Nella fattispecie in esame il giudicato formatosi nei confronti del dipendente, rappresentato dalla sentenza di assoluzione emessa in primo grado e dalla sentenza di assoluzione, ancorché con la formula dell'art. 530, comma 2, emessa in secondo grado, integra il presupposto, richiesto dalla norma di cui si tratta, dell'esclusione della responsabilità del dipendente statale in ordine ai fatti contestati. Va peraltro ricordato che il rimborso di cui trattasi assolve la funzione di ripristinare la situazione di esposizione economica del dipendente ingiustamente coinvolto in procedimenti giudiziari, addossando l'onere relativo all'amministrazione di appartenenza, implicitamente ma coerentemente riconoscendo l'immedesimazione tra l'azione del dipendente e la funzione dell'ente di appartenenza. Perciò, l'interpretazione rigorosa dell'inciso "in conseguenza di fatti ed atti connessi con l'espletamento del servizio o con l'assolvimento di obblighi istituzionali", comporta che l'assunzione a carico dell'amministrazione dei costi di difesa sconta la riconducibilità dei fatti nell'ambito puntuale dei doveri di istituto propri del dipendente. La mera prestazione lavorativa, pertanto, non rileva sufficientemente alla luce delle finalità del sistema che implica, viceversa, che i fatti e i comportamenti denotino una comunione degli interessi perseguiti dal dipendente e dall'amministrazione di appartenenza, come confermato dalla condivisibile e consolidata giurisprudenza evidenziata dall'amministrazione resistente.

Nella fattispecie in esame il ricorrente, con l'asserito fine di consegnare la corrispondenza postale, disattendendo le disposizioni e la prassi vigente e senza autorizzazione, si è recato in una sezione diversa da quella di assegnazione intrattenendosi a colloquiare con detenuti.
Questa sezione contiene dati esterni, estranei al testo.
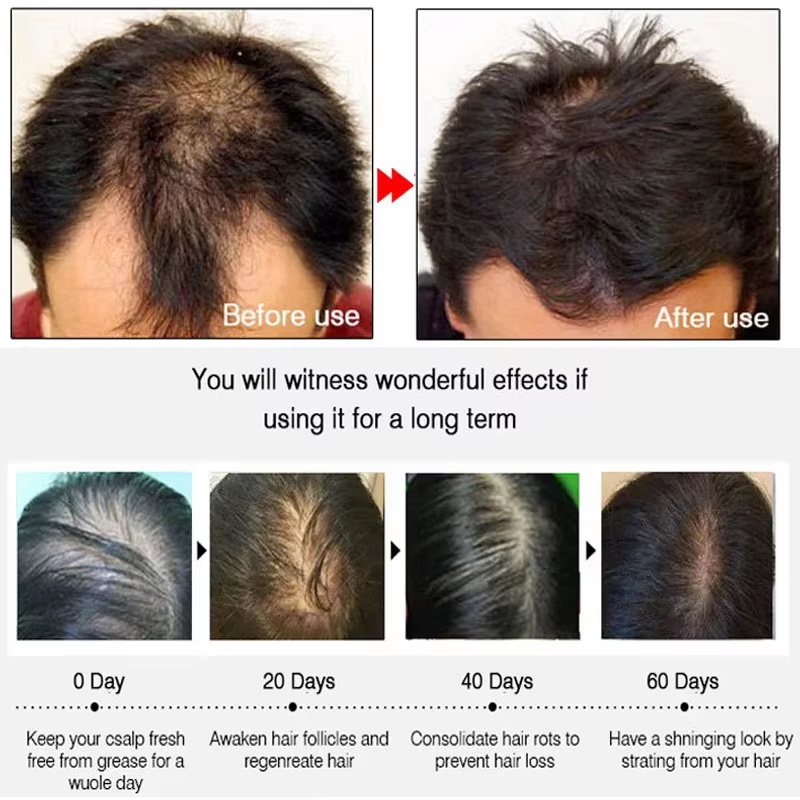 速効性ジンジャーヘアグローススプレー、毛根育成、脱毛防止、育 - Hair Care Serum のレビューと価格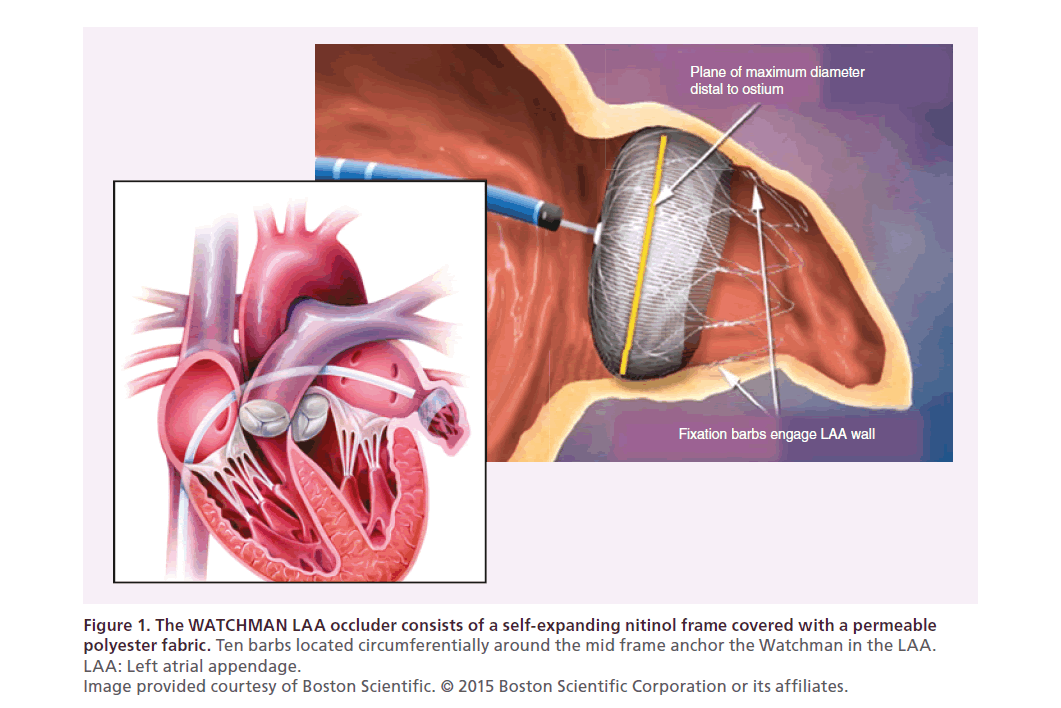 interventional-cardiology-WATCHMAN-LAA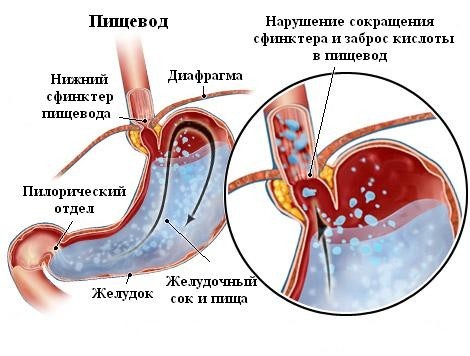 Режущая боль в желудке: что делать при резях, причины и лечение заболеваний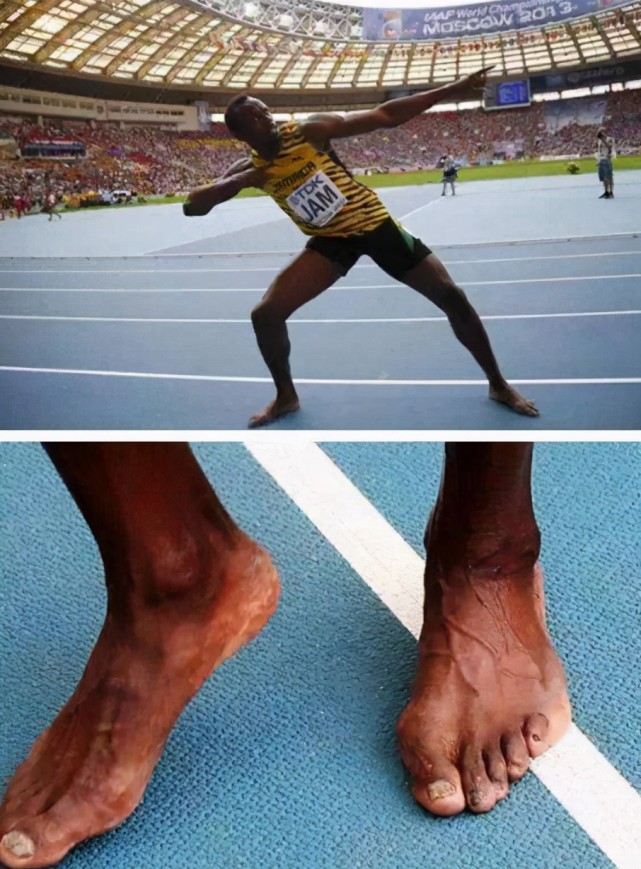 运动员有多刻苦?科比手指几乎全部变形,她曾为夺冠差点失去生命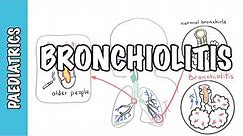 Bronchiolitis (causes, pathophysiology, signs and symptoms, treatment)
Nel clima di tensione e conflittualità che, nella circostanza, si era creato nei reparti detentivi e che sarebbe di lì a poco sfociato in una manifestazione di protesta più marcata, l'inopinata presenza in un reparto detentivo diverso e l'ingiustificato e, comunque, inopportuno, colloquio con i detenuti, evidenziano una condotta che, benché non censurata in sede disciplinare, non è consonante con la funzione svolta e non trova corrispondenza negli interessi dell'amministrazione, anche a prescindere dall'insussistenza, accertata in sede penale, del fine di fomentare la protesta.
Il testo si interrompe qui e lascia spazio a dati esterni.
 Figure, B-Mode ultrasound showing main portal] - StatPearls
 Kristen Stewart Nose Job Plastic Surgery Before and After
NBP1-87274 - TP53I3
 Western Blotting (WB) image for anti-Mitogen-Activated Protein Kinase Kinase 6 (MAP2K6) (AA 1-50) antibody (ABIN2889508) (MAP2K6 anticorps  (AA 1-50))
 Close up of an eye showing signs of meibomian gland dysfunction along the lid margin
In altri termini, i fatti che hanno portato a giudizio il ricorrente non appaiono in diretta connessione con i fini dell'amministrazione, né, in particolare, può affermarsi che solo ponendo in essere la condotta incriminata il ricorrente ha assolto bene, esercitandoli diligentemente, i propri compiti (cfr. C.d.S., sez. IV, n. 1190/2013; Cass., sez. lav., n. 24652/2008). Non è dato, quindi, riscontrare, nella fattispecie di cui è causa, l'ulteriore imprescindibile presupposto che, oltre all'assenza di responsabilità definita con sentenza o provvedimento, condiziona il riconoscimento del rimborso delle spese legali ai dipendenti secondo le norme più volte richiamate: l'impugnato provvedimento di diniego risulta, pertanto, immune dal vizio dedotto, la cui infondatezza comporta la reiezione del ricorso, anche per le domande relative alla determinazione degli importi pretesi a rimborso.

Le spese seguono la soccombenza e sono liquidate in dispositivo.

P.Q.M.

Il Tribunale regionale di giustizia amministrativa della Regione autonoma Trentino-Alto Adige/Südtirol, sede di Trento, definitivamente pronunciando sul ricorso in epigrafe indicato, lo respinge.
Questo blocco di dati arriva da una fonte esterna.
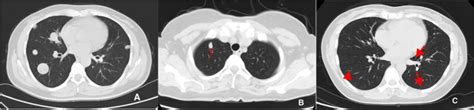 Chest Computed Tomography Ct Showed Pulmonary Benign Metastasizing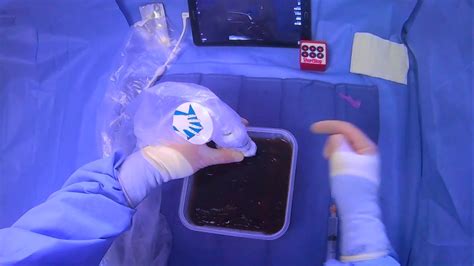 Giving Lidocaine For A Paracentesis Gauge Needle With Ultrasound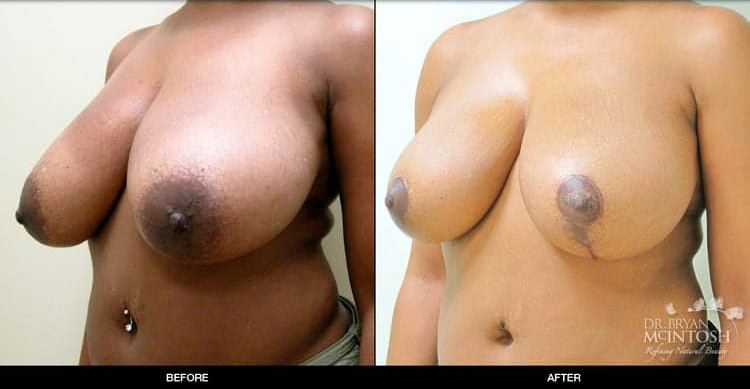 breast-reduction-1-2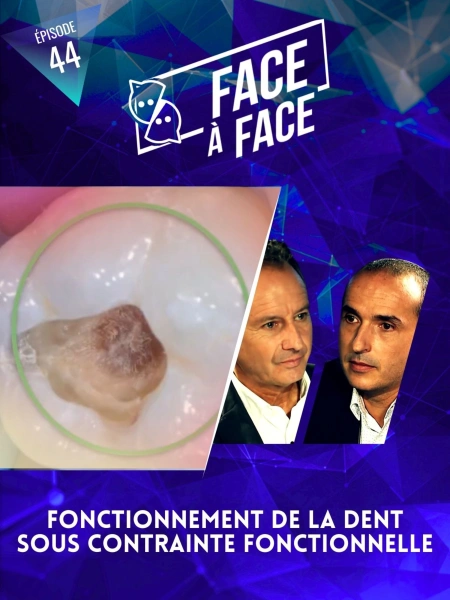 Inlays-Onlays : fonctionnement de la dent sous contrainte fonctionnelle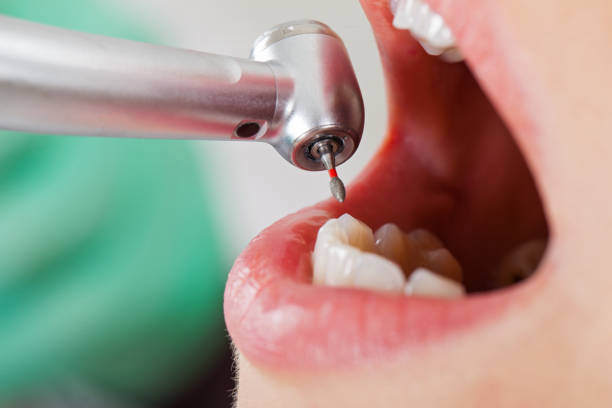Teeth Whitening in IL
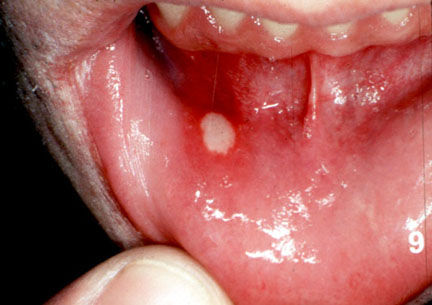 stomatitis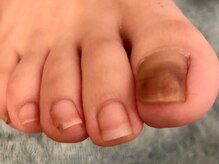 ネイルサロンアンドスクール シーグリーン(SEAGREEN)/【お悩み事例】足の爪の変色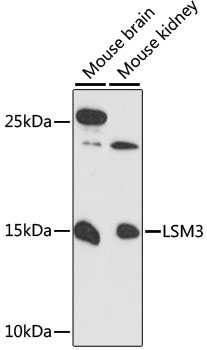 LSM3 Rabbit Polyclonal Antibody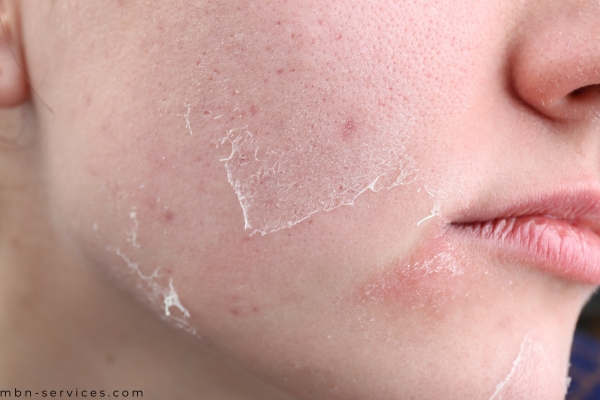 Dry Skin Care Routine: Your Ultimate Guide to Hydrated, Radiant Skin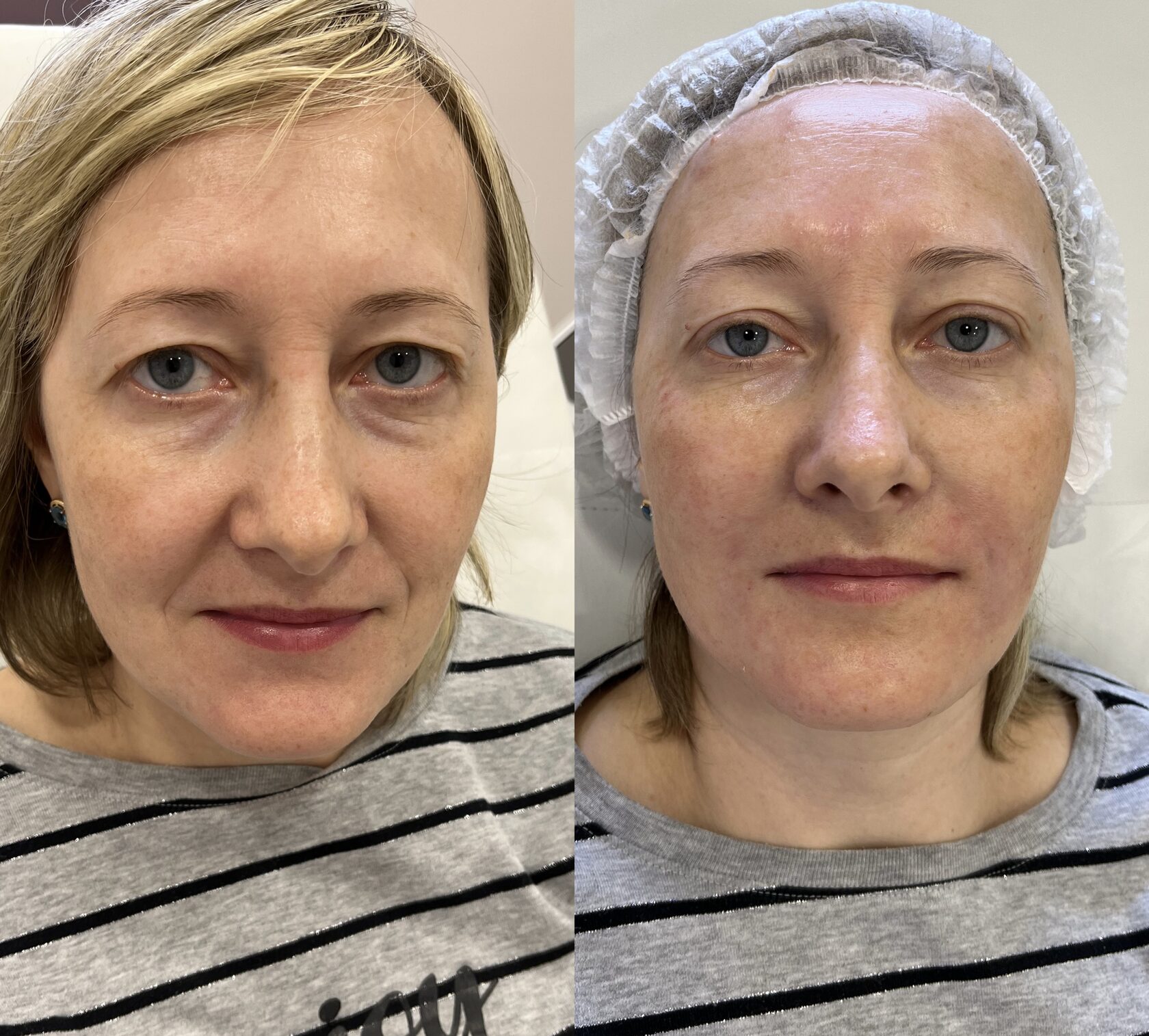 Коллагенотерапия лица до и после фото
Condanna la parte ricorrente alla rifusione delle spese di giudizio a favore della amministrazione resistente nella misura di euro 2.000,00 oltre ad accessori di legge.

Ordina che la presente sentenza sia eseguita dall'autorità amministrativa.

Ritenuto che sussistano i presupposti di cui all'art. 52, comma 2, del d.lgs. 30 giugno 2003, n. 196, a tutela dei diritti o della dignità della parte interessata, manda alla Segreteria di procedere all'oscuramento delle generalità nonché di qualsiasi altro dato idoneo ad identificare la parte ricorrente.